* _WORK REQUEST_: Pull out every line below that holds the word "Orange".
[Start of section]
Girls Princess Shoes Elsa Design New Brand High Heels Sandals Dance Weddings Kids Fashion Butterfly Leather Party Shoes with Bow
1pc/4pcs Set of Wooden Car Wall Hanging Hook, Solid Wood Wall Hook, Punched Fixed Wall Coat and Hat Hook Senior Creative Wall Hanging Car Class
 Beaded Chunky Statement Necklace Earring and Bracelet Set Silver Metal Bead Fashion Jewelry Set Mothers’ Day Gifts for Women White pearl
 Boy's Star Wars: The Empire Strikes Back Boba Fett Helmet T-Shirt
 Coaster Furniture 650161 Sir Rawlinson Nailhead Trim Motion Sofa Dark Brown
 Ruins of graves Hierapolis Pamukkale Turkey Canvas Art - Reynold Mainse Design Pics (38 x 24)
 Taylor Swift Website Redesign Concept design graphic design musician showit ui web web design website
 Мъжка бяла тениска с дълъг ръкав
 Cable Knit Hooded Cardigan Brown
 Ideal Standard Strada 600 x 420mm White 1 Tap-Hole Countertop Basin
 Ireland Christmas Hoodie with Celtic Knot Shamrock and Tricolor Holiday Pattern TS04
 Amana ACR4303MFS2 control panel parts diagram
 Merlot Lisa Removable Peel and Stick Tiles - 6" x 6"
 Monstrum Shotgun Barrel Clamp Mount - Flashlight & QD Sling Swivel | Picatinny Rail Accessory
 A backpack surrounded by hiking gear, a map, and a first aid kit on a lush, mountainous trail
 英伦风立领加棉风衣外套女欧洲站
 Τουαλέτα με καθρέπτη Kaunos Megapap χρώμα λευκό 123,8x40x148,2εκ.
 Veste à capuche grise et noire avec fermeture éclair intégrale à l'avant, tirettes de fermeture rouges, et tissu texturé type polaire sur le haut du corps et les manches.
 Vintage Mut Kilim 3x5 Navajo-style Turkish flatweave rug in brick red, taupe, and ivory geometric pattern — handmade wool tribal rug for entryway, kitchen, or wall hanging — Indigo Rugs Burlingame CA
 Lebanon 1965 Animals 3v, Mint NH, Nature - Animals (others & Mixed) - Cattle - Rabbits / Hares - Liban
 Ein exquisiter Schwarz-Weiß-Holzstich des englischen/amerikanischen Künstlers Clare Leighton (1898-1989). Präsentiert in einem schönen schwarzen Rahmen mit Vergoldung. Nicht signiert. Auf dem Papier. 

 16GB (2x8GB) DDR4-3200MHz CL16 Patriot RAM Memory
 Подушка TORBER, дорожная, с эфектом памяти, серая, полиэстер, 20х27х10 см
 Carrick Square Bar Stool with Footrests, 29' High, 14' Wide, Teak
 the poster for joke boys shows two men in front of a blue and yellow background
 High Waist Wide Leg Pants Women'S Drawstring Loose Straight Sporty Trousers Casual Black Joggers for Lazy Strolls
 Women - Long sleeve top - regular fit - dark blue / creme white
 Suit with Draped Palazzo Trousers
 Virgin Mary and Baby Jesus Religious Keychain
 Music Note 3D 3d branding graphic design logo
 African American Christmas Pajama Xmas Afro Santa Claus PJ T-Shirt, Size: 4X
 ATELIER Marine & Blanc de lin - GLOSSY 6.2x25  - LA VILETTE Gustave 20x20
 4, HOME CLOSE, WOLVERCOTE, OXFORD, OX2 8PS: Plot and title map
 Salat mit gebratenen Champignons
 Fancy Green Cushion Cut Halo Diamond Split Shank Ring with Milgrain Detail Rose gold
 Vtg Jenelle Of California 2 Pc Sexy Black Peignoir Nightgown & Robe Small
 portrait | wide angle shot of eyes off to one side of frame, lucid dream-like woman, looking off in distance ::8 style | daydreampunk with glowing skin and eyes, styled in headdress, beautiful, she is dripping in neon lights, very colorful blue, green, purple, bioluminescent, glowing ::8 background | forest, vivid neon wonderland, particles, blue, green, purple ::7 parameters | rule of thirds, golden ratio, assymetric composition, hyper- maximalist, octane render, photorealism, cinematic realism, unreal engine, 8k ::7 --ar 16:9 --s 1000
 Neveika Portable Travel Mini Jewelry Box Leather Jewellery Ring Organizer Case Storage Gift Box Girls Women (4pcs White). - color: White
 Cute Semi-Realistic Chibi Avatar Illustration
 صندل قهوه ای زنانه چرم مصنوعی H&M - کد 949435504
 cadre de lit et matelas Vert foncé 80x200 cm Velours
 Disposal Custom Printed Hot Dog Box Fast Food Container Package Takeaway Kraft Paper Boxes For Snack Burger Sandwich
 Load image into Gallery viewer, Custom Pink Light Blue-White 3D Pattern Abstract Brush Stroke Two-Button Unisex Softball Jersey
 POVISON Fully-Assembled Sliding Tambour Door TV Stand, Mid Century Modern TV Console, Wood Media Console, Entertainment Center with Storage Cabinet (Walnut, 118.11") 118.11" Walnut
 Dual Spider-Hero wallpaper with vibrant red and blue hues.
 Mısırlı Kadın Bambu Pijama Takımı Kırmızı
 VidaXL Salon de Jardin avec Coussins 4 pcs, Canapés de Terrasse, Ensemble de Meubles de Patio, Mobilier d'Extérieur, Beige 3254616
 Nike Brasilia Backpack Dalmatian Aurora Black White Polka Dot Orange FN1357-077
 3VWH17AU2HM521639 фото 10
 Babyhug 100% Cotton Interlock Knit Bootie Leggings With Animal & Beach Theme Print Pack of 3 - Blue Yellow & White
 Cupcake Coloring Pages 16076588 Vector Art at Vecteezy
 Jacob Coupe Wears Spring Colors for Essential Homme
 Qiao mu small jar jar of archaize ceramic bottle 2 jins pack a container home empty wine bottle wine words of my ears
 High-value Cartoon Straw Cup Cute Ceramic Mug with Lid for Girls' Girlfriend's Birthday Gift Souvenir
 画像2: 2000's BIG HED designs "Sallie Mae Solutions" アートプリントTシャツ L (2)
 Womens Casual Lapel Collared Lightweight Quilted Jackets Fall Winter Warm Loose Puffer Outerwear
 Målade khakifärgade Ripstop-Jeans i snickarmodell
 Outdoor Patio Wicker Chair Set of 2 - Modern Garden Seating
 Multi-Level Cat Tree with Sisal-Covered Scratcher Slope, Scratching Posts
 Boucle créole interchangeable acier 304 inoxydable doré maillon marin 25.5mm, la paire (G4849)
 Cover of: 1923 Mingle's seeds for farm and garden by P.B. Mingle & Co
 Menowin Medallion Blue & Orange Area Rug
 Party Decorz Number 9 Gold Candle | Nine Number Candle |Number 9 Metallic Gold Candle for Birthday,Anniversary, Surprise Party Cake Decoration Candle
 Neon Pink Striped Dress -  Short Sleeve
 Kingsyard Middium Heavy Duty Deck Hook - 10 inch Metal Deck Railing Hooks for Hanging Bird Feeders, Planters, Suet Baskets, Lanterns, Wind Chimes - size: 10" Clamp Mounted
[End of section]
* _EXPECTED ANSWER_:
 Nike Brasilia Backpack Dalmatian Aurora Black White Polka Dot Orange FN1357-077
 Menowin Medallion Blue & Orange Area Rug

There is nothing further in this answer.